Spending several vacations in New Mexico has given me real appreciation for the traditional flavors of the region. I'll spare you a complete recap, as I've previously drooled and blogged at length about my love affair with tamales, green chiles and posole. But it's time I introduced another (new) favorite, an ingredient I wasn't terribly familiar with, or at least cooking with; blue corn.
OK, first, because I'm a bit of a food-history geek, I thought I'd share with you a few tidbits. Blue corn is native to the Southwest, planted, cultivated, and harvested completely by hand, (because of a tendency for the fully loaded stalks to fall over in the fields). Consequently, it's more scarce and more expensive than white and yellow corn.
Blue corn, until recently, rarely appeared outside the Southwest. It's a staple of the Pueblo tribes, who grow it for themselves and use it to make a hot cereal called atole, various boiled breads and dumplings, tortillas and a very thin, many layered rolled bread (similar to phyllo dough) called paper bread.
Blue corn is higher in both protein and lysine than regular white or yellow corn. Besides being a major staple of the Native peoples it is also an important element in some religious rituals. It was believed that blue corn helped strengthen especially ill or pregnant women and was traditionally served before strenuous activities or preparing for journeys.
Blue corn meal or flour has a coarser, sweeter and nuttier taste than other types of flour corns. It is the basis for many traditional Native American foods and recipes, though most common in blue corn tortillas. Now, of course, you can find blue corn products in most every tourist shop in New Mexico.
As with the color of red onions or red cabbage, the color of blue corn is quite sensitive to the effects of akaline substances such as baking soda (or the lime or ash water used by Southwest Indians), dough made with blue cornmeal turns darker blue to greenish. In contact with an acid, like as vinegar, it develops a deep violet to purple cast. Science fun in the kitchen! Yay!
Out of curiosity, I brought some beautiful purple-ish blue corn meal back last time I visited, and have been experimenting with it ever since. (The above pic is from the Farmer's Market, I didn't bring back whole ears of corn, I'm not THAT adventurous!).

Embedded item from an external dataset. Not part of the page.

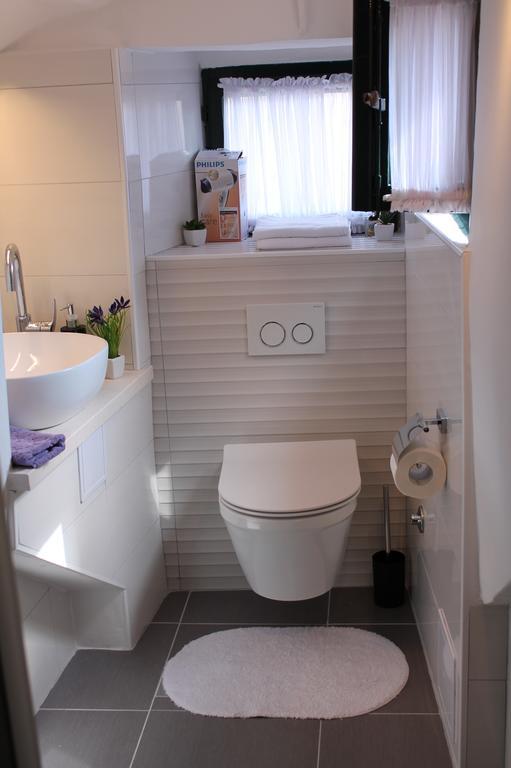 דוברובניק Apartments Nerio מראה חיצוני תמונה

Here, then, is my latest blue corn creation, Blue Corn Waffles, a huge hit with my kids on the first day of school, finished off with a silky smooth seedless black-raspberry sauce. (The seeds get in my daughter's braces. You can't have seedy braces on the first day of school after all!!).
I added a few nuts for extra protein, and because they enhance the natural nutty flavor of the corn meal (pecans and piñons are native to NM as well) These didn't cook up as brown as regular waffles, in fact the blue flecks make them look a tad on the anaemic side, but not to fear, these are splendidly DELICIOUS!!

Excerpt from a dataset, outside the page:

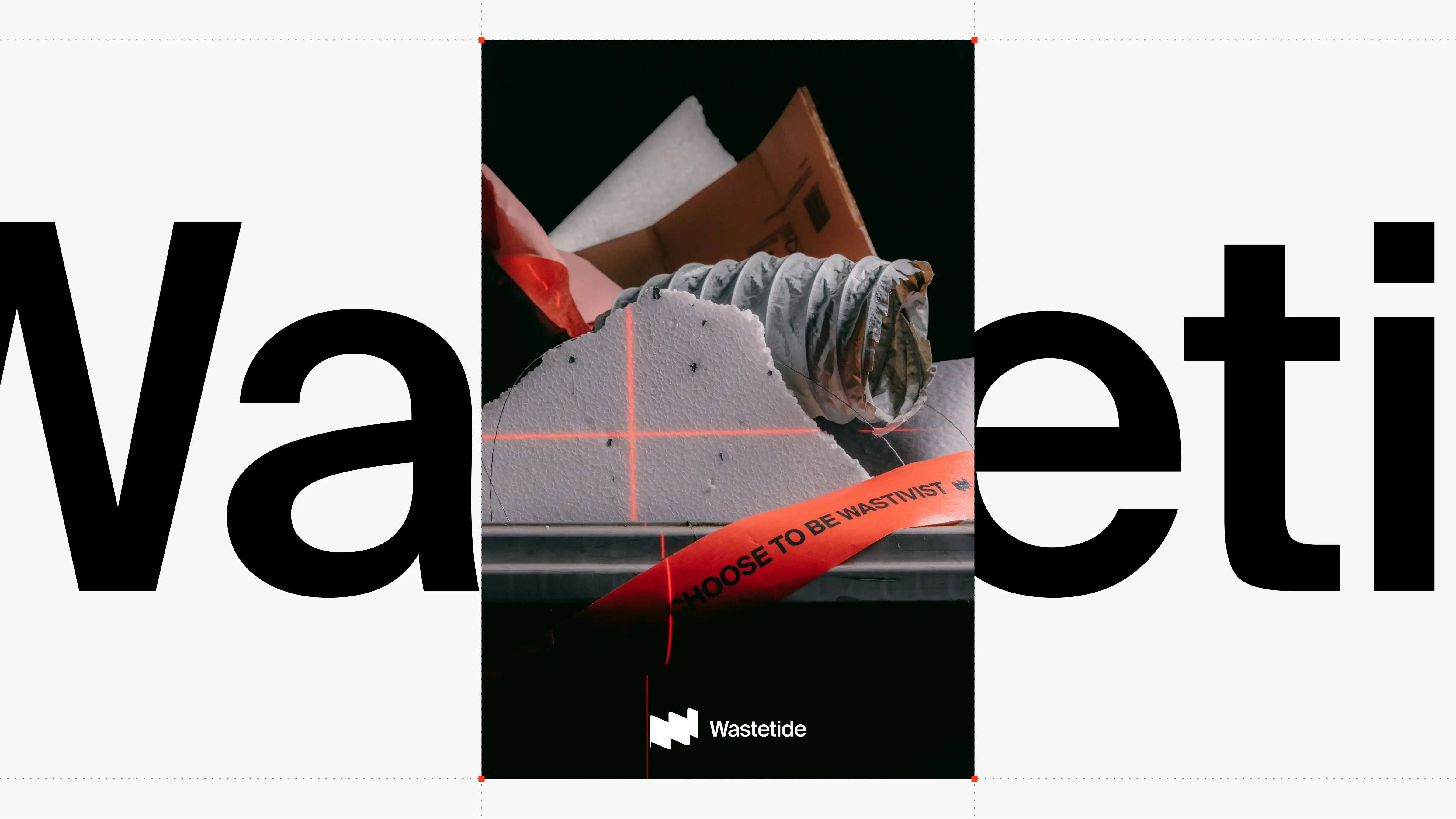 Wastetide 15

New Mexico Inspired Blue Corn Waffles
3/4 cup whole wheat flour (pastry flour preferred)
1/2 cup cornmeal
2 tbsp. finely chopped or ground pecans, piñons or any nuts of your choice
1 teaspoon salt
2 teaspoons baking powder
1 cup soy milk (may need more)
1 tablespoon canola oil
Preheat waffle iron. We have one of those Belgian Waffle makers that produces extra thick waffles, but any kind works...
Mix dry ingredients into a bowl (or batter bowl with pouring spout). Add soy milk and oil and stir gently until well mixed. If batter is not a good ladling/pouring consistency, add a little water or soy milk. Pour into waffle maker, and bake until golden and crisp. Serve immediately with maple syrup or fruit sauce.
Fresh Raspberry Sauce
3 cups fresh raspberries, or 3 (10-ounce) packages frozen raspberries, thawed, make SURE to keep whatever juices are in the thawed berries.
2 Tablespoons sugar
1 Tablespoon fresh lemon juice
4 tsp. cornstarch
1/4 cup water, orange juice, pomegranite juice, red wine, whatever. (I use water or OJ for my kids)
1. Purée raspberries, and any berry juice in blender or food processor fitted with metal blade. Blend until berries are well crushed, but don't over blend or you'll blend the seeds into fine grit. Press purée into small bowl through mesh sieve with back of spoon to remove seeds. Yes, this is time consuming and feels a bit wasteful. But for my kids... hey...
Add water to make 2 1/2 cups. (I pour the water through the strainer to get any last bits of pulp).
2. Stir in sugar and lemon juice to taste. Stir until sugar dissolves. Dilute with reserved juice, if desired.
3. Mix cornstarch with 1/4 cup water, red wine or orange juice.
Heat berry puree to a boil, watching carefully and stirring as needed, once it boils, it will boil over VERY fast. As soon as it boils, add cornstarch mixture and lower heat to med-high. Whisk until it comes back to a boil, thickens, and is not cloudy - should take just a minute.
4. Remove from heat, cool a bit (if you can stand it) serve over waffles, cake, ice cream, pancakes, biscuits, shortcake, anything.